CVE-2012-1860: Microsoft SharePoint Server 2007/2010 and Office Web Apps 2010 fail to check permissions for search scopes, allowing authenticated users to modify data or access sensitive info via a crafted URL.
Vulnerability
CVE-2012-1860, disclosed in Microsoft Security Bulletin MS12-050 [1], is a permission-checking flaw in Microsoft Office SharePoint Server 2007 Service Pack 2 and Service Pack 3, SharePoint Server 2010 Gold and Service Pack 1, and Office Web Apps 2010 Gold and Service Pack 1. The vulnerability occurs because these products do not properly validate permissions when processing search-scope parameters in URLs. An authenticated user with access to a search scope can modify a parameter in the search-scope URL, leading to unauthorized data disclosure or data modification.
Exploitation
An attacker must be an authenticated user with access to the SharePoint site. The exploitation involves crafting a specially crafted URL that modifies a search-scope parameter. This URL can be delivered via email, instant message, or other means, tricking a user with sufficient privileges into clicking it. Alternatively, the attacker could directly craft the URL if they have the necessary permissions. The attack does not require any special network position beyond typical SharePoint access.
Impact
Successful exploitation allows an attacker to view or modify data that they would not normally be authorized to access, potentially leading to sensitive information disclosure.
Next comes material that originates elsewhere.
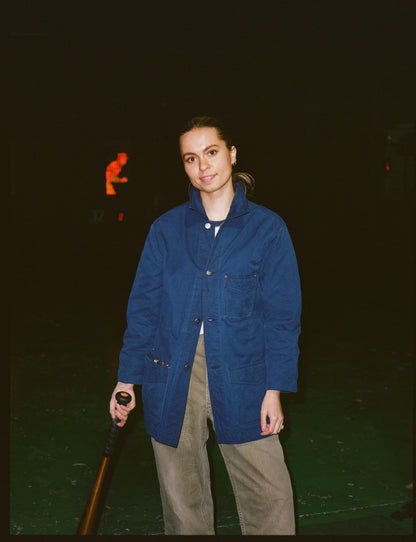 Drake's Indigo Dyed Chore Jacket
Additionally, the attacker could cause data modification, resulting in denial of service or corruption of SharePoint content. The impact is limited to data that is searchable within the scope, but this could include confidential documents or site content.
Mitigation
Microsoft released security update MS12-050 [1] on July 10, 2012, addressing this vulnerability. For SharePoint Server 2007, the update is included in cumulative update packages; for SharePoint Server 2010 and Office Web Apps 2010, the update is part of the July 2012 cumulative update. Administrators should apply the appropriate update to affected systems. No workaround is documented, as the fix involves correcting the permission validation logic. This CVE is not listed in the CISA Known Exploited Vulnerabilities catalog at the time of this writing.
AI Insight generated on May 24, 2026. Synthesized from this CVE's description and the cited reference URLs; citations are validated against the source bundle.
Affected products
10cpe:2.3:a:microsoft:office_web_apps:2010:*:*:*:*:*:*:*+ 1 more
- cpe:2.3:a:microsoft:office_web_apps:2010:*:*:*:*:*:*:*
- cpe:2.3:a:microsoft:office_web_apps:2010:sp1:*:*:*:*:*:*
cpe:2.3:a:microsoft:sharepoint_server:2007:sp1:*:*:*:*:*:*+ 5 more
- cpe:2.3:a:microsoft:sharepoint_server:2007:sp1:*:*:*:*:*:*
- cpe:2.3:a:microsoft:sharepoint_server:2007:sp2:*:*:*:*:*:*
- cpe:2.3:a:microsoft:sharepoint_server:2007:sp3:*:*:*:*:*:*
- cpe:2.3:a:microsoft:sharepoint_server:2010:*:*:*:*:*:*:*
- cpe:2.3:a:microsoft:sharepoint_server:2010:sp1:*:*:*:*:*:*
- (no CPE)range: Gold, SP1
- Range: SP2, SP3
- Range: Gold, SP1
Patches
0No patches discovered yet.
Vulnerability mechanics
AI mechanics synthesis has not run for this CVE yet.
References
2News mentions
0No linked articles in our index yet.